Although there haven’t yet been any 2011 independent expenditures in favor of the freshman congressman, nearly $95,000 was independently expended in 16 separate incidents in support of his 2010 candidacy, according to Federal Election Commission records.
House Majority PAC formed this year and has already raised more $800,000 this election cycle, much of it from wealthy donors like hedge fund manager Donald Sussman or unions like AFSCME, the American Federation of State, County and Municipal Employees (who chipped in $200,000), according to FEC records.

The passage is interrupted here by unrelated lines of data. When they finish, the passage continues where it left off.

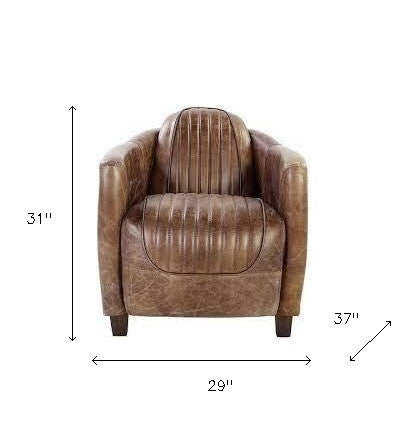 Industrial 29" Distressed Brown Faux Leather Barrel Chair
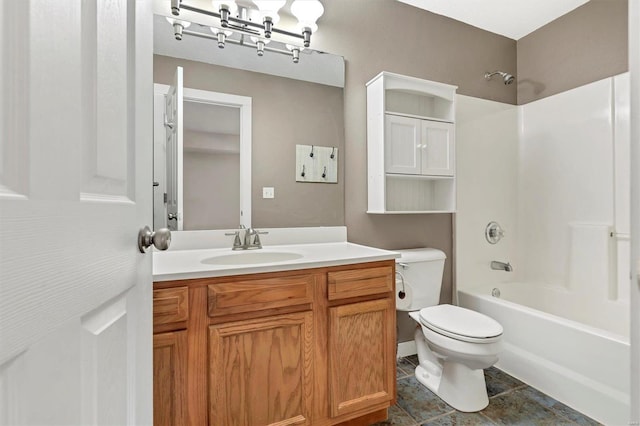 full bathroom featuring tile patterned flooring, vanity, shower / washtub combination, and toilet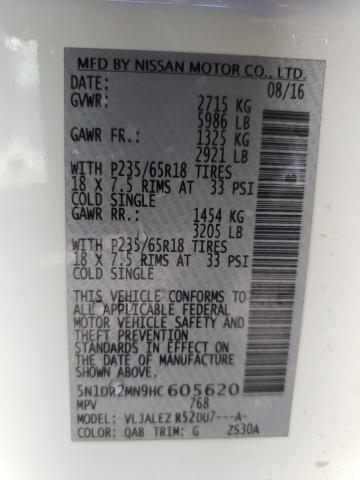Photo 10 from auction – 2017 NISSAN PATHFINDER with VIN 5N1DR2MN9HC605620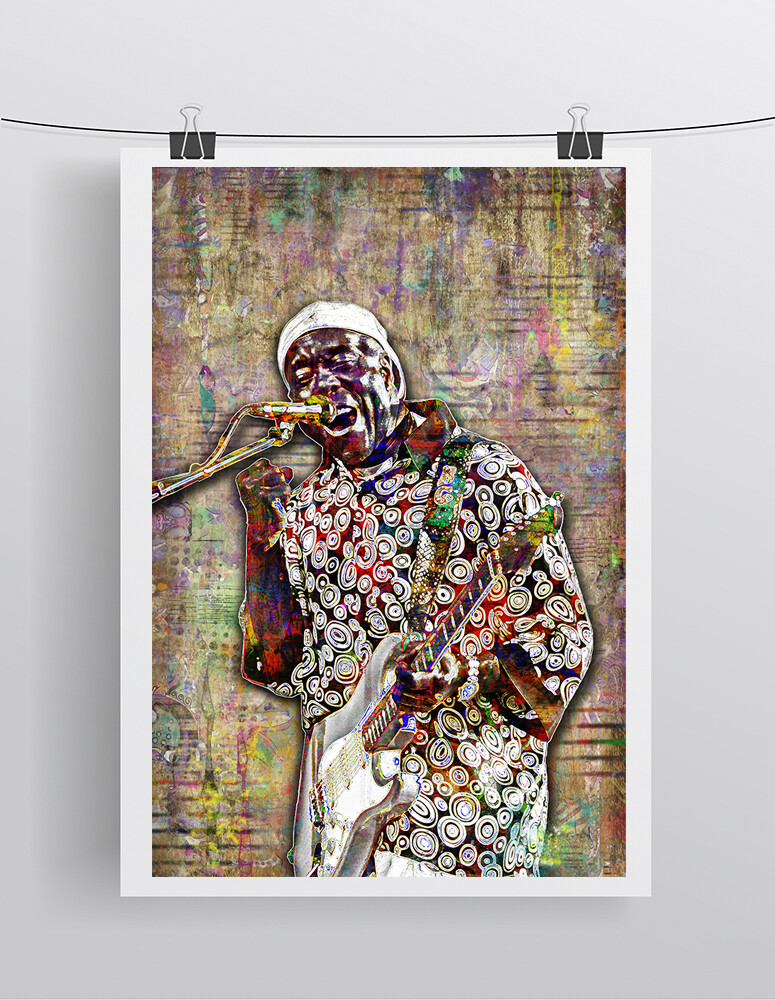 BUDDY GUY Poster, Buddy Guy Blues Guitar Pop Art Tribute Free Shipping US
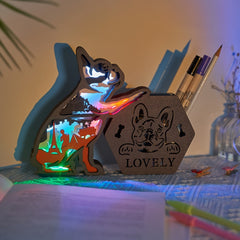 French Bulldog 3D Wooden Carving LED Night Light Pencil Holder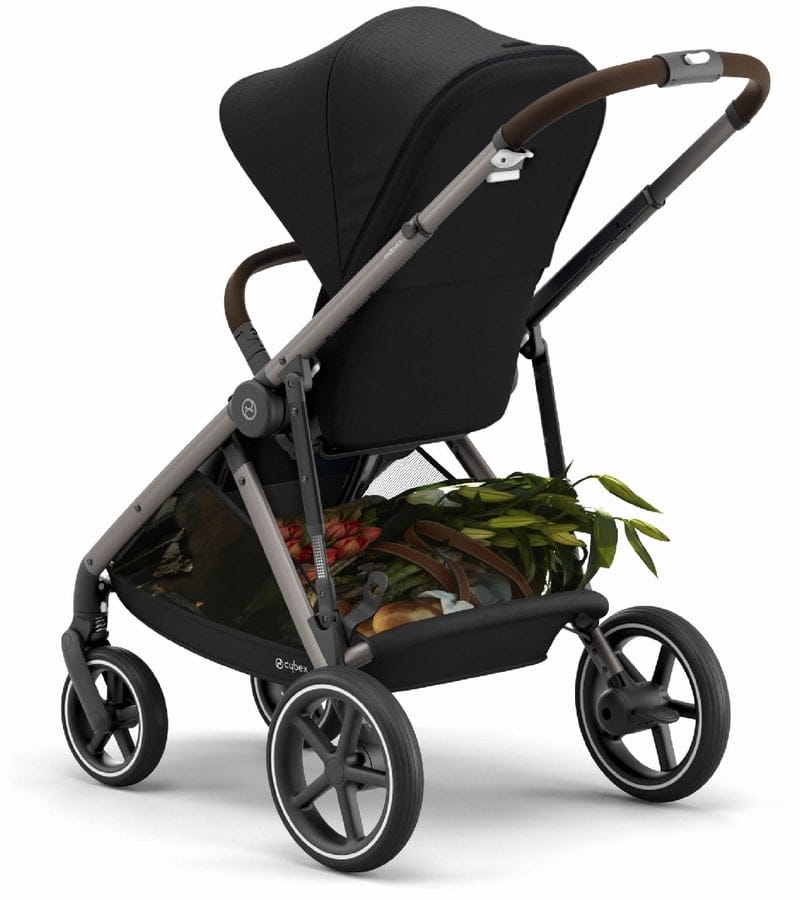 Cybex Gazelle S Double Stroller Bundle - Deep Black / Moon Black (Taupe Frame) - 520003561-522004819
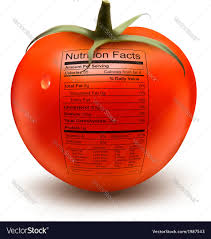 tomato with a nutrition facts label concept of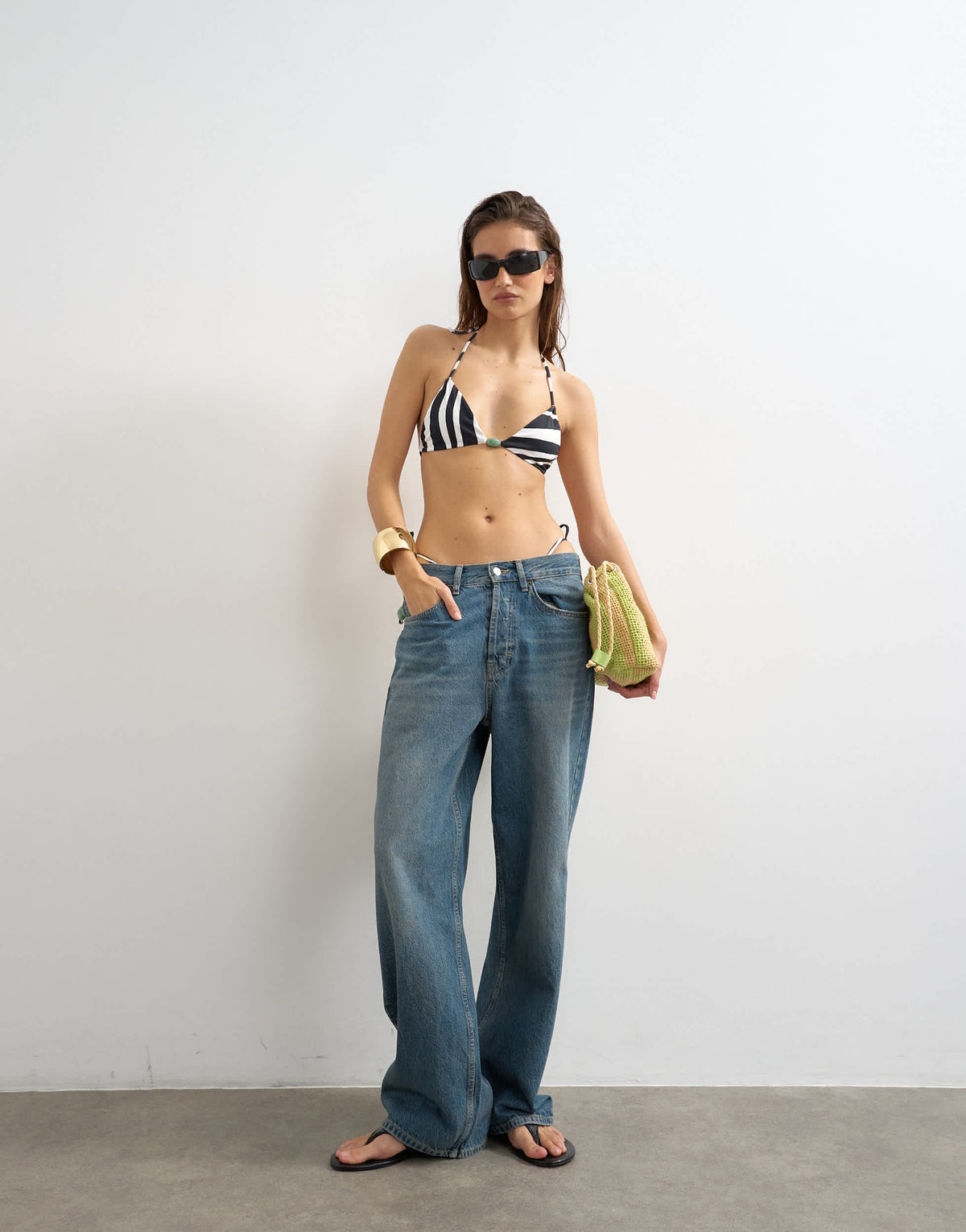 Topshop Mono triangle bikini top in black and white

The group has already spend more than half a million dollars targeting Republicans running for House seats across the country.
Open government advocates have criticized independent expenditure groups, which can now raise unlimited amounts of corporate and union money following last year’s Citizens United decision by the Supreme Court. Super PACs can not give directly to candidates or coordinate with campaigns.
Former Wisconsin Sen. Russ Feingold told Huffington Post at last month’s Netroots Nation conference that the Democratic Party was in danger of losing its “soul” if it relied on Super PACs — although the House Majority PAC hasn’t yet accepted any direct corporate donations.
Republican Super PACs like American Crossroads outspent Democrats in the 2010 election by more than $40 million, according to an analysis by the Sunlight Foundation. House Majority is one of a few Democratic Super PACs hoping to balance out that spending.
Comedian Stephen Colbert, who was recently granted approval to create his own Super PAC, told Politico that the Citizens United decision was right: “There should be unlimited corporate money, and I want some of it. I don’t want to be the one chump who doesn’t have any.”